Return value optimization
Introductory example
Consider the following C++ code:
struct Foo
{
Foo()
{
std::cout << "Foo() @" << this << std::endl;
}
Foo( const Foo& )
{
std::cout << "Foo( const Foo& ) @" << this << std::endl;
}
};
Foo function()
{
Foo f_function; // (1)
return f_function; // (2)
}
int main( int, char** )
{
Foo f_main = function(); // (3)
return EXIT_SUCCESS;
}
What would you expect this code snippet to output ?
The answer is:
Foo() @0x11111111 Foo( const Foo& ) @0x22222222 Foo( const Foo& ) @0x33333333
- The first default constructor happens when
f_function
is created at (1). - The second constructor, the copy one, is called when the return value from
function()
at (2) is copied to a temporary at (3). - The third copy constructor is called when
f_main
is constructed from the temporary at (3).

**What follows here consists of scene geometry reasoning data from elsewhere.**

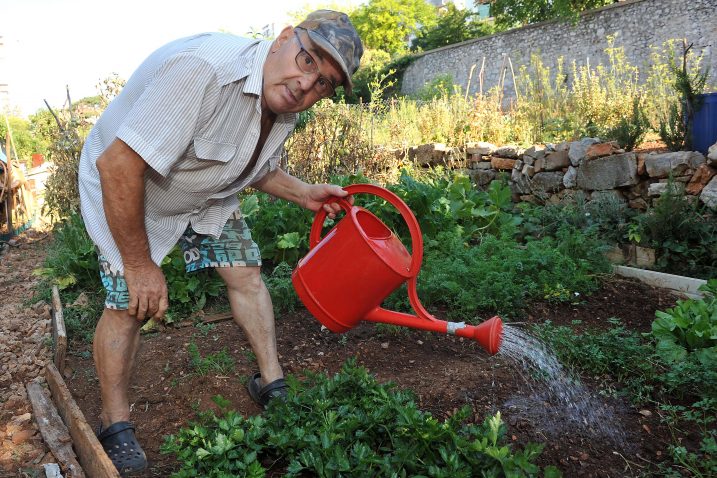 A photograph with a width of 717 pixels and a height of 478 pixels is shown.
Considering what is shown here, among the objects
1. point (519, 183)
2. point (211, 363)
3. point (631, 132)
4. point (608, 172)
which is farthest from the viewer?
point (519, 183)

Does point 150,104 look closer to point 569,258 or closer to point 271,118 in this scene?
point 271,118

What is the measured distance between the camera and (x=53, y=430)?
91.7 inches

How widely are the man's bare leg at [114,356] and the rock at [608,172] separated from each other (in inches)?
167

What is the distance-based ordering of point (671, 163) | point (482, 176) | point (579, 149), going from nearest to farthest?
point (671, 163), point (579, 149), point (482, 176)

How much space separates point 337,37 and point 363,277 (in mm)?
815

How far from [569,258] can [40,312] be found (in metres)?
3.55

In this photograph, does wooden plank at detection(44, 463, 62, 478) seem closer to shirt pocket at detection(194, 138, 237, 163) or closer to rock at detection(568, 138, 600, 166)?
shirt pocket at detection(194, 138, 237, 163)

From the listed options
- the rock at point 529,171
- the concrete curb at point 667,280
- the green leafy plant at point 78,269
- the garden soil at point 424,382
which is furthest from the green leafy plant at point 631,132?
the green leafy plant at point 78,269

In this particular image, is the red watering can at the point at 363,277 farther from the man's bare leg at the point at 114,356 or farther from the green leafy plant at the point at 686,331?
the green leafy plant at the point at 686,331

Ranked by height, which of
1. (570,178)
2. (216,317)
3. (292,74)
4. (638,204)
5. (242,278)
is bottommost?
(638,204)

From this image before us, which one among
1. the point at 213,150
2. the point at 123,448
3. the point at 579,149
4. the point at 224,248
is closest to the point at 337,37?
the point at 213,150

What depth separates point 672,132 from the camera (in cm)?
495

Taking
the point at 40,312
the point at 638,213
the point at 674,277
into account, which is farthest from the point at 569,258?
the point at 40,312

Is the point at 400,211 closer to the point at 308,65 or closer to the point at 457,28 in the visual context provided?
the point at 308,65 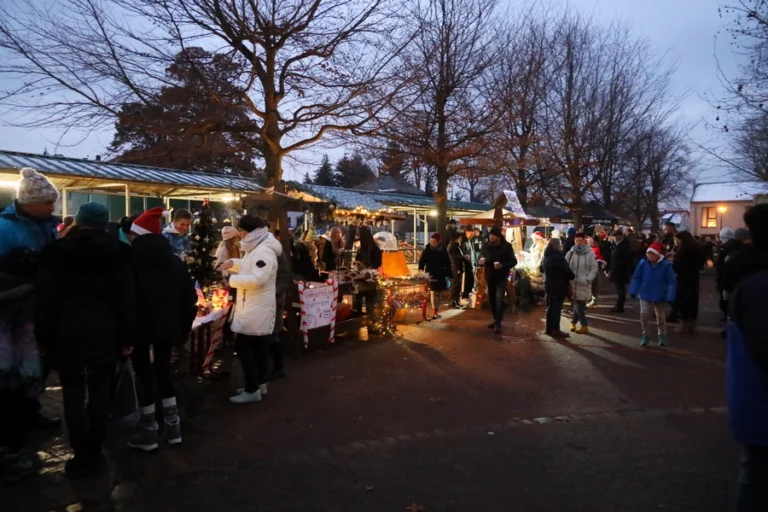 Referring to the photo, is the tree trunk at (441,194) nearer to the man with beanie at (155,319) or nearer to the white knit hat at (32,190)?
the man with beanie at (155,319)

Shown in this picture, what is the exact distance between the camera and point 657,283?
839cm

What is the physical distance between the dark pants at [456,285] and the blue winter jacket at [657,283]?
469 centimetres

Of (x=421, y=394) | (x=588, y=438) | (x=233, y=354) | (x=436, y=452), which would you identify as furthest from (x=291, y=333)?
(x=588, y=438)

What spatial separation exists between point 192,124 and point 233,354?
152 inches

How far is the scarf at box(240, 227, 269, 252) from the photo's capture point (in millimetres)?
5496

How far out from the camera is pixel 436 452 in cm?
450

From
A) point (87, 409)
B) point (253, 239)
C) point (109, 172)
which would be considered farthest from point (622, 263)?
point (109, 172)

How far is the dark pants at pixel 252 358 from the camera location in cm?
550

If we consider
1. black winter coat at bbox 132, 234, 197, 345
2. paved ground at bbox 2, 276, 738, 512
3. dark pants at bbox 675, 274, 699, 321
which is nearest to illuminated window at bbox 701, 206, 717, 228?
dark pants at bbox 675, 274, 699, 321

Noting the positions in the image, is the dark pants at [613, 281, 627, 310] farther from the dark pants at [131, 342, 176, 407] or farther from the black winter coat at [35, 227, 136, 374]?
the black winter coat at [35, 227, 136, 374]

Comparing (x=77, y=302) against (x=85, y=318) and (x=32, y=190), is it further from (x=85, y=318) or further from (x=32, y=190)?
(x=32, y=190)

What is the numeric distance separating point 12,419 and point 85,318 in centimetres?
92

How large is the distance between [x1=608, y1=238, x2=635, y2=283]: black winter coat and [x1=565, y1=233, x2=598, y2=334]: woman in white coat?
137 inches

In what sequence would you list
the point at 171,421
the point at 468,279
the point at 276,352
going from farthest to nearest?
the point at 468,279
the point at 276,352
the point at 171,421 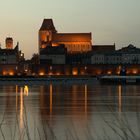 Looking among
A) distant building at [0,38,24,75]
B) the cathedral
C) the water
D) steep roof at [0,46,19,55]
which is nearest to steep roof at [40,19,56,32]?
the cathedral

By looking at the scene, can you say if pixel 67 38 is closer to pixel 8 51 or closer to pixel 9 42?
pixel 9 42

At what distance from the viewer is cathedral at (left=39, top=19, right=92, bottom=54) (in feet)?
607

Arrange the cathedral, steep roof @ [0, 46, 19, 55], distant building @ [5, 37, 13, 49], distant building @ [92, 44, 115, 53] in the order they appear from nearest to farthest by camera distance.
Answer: steep roof @ [0, 46, 19, 55] → distant building @ [5, 37, 13, 49] → distant building @ [92, 44, 115, 53] → the cathedral

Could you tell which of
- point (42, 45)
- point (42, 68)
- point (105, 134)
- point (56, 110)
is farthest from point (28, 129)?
point (42, 45)

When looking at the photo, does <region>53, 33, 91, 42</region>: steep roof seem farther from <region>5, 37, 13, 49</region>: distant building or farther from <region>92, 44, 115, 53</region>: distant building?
<region>5, 37, 13, 49</region>: distant building

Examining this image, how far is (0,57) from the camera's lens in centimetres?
15875

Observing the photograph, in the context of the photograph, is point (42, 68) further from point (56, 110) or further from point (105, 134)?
point (105, 134)

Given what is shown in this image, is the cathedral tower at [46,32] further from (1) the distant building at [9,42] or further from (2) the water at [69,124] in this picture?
(2) the water at [69,124]

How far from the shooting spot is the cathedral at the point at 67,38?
18500 centimetres

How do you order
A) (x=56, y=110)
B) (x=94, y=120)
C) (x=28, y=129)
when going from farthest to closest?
(x=56, y=110) → (x=94, y=120) → (x=28, y=129)

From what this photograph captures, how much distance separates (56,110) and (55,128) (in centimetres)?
738

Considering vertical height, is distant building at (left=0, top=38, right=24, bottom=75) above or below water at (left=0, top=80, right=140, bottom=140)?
above

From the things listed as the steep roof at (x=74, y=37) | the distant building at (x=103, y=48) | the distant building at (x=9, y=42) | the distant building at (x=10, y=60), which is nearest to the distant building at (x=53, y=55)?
the distant building at (x=10, y=60)

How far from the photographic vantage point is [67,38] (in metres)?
190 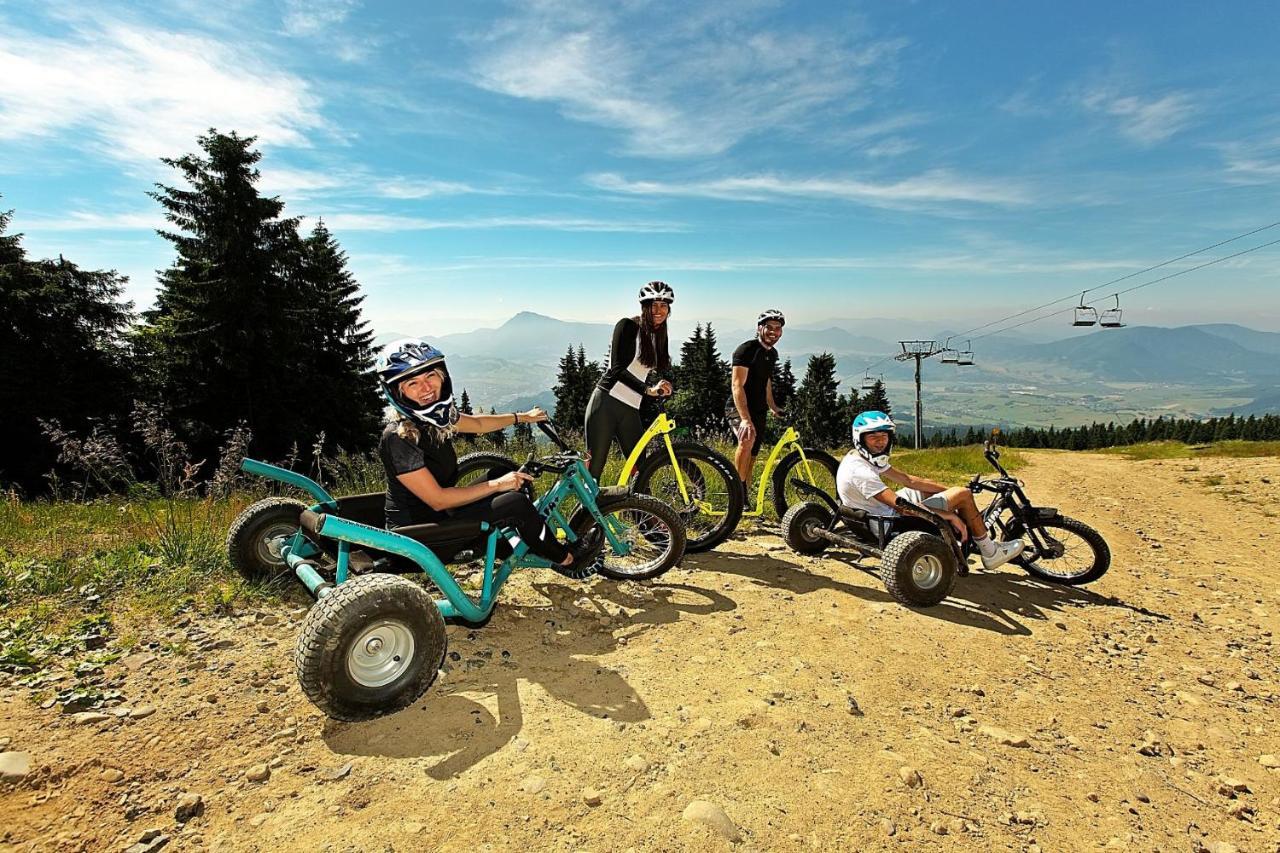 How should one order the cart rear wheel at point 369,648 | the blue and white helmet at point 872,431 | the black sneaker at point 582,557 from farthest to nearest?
the blue and white helmet at point 872,431 → the black sneaker at point 582,557 → the cart rear wheel at point 369,648

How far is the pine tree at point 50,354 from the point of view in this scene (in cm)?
2252

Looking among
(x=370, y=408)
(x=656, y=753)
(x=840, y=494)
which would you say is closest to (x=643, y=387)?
(x=840, y=494)

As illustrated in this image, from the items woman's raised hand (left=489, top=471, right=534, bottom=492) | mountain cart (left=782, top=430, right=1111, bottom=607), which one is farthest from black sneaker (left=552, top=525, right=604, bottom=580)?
mountain cart (left=782, top=430, right=1111, bottom=607)

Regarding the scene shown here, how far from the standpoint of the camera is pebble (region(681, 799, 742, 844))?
250 centimetres

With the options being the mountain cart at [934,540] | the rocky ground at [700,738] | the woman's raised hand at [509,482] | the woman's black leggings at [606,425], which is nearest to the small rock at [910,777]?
the rocky ground at [700,738]

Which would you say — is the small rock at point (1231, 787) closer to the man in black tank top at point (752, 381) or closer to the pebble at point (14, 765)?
the man in black tank top at point (752, 381)

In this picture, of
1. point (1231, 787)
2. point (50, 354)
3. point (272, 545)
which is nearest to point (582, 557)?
point (272, 545)

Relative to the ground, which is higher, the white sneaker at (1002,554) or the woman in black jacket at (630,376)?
the woman in black jacket at (630,376)

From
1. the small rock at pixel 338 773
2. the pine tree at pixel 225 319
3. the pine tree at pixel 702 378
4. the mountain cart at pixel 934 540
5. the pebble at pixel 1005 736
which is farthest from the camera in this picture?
the pine tree at pixel 702 378

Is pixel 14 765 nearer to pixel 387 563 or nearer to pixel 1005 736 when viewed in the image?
pixel 387 563

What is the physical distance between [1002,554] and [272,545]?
6.70 metres

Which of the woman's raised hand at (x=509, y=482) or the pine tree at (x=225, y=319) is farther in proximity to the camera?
the pine tree at (x=225, y=319)

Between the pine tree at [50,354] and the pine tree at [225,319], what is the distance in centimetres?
179

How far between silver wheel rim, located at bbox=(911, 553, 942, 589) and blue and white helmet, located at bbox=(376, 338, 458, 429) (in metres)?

Now if we try to build and run this snippet using g++ test.cpp -o test && ./test
The final output is quite disappointing:
Foo() @0x11111111
A look at what just happened
The compiler just optimized away all copy constructor calls. This may seem actually quite weird, since this kind of optimization is:
- not safe (the "print" side effect of our copy constructors are not respected)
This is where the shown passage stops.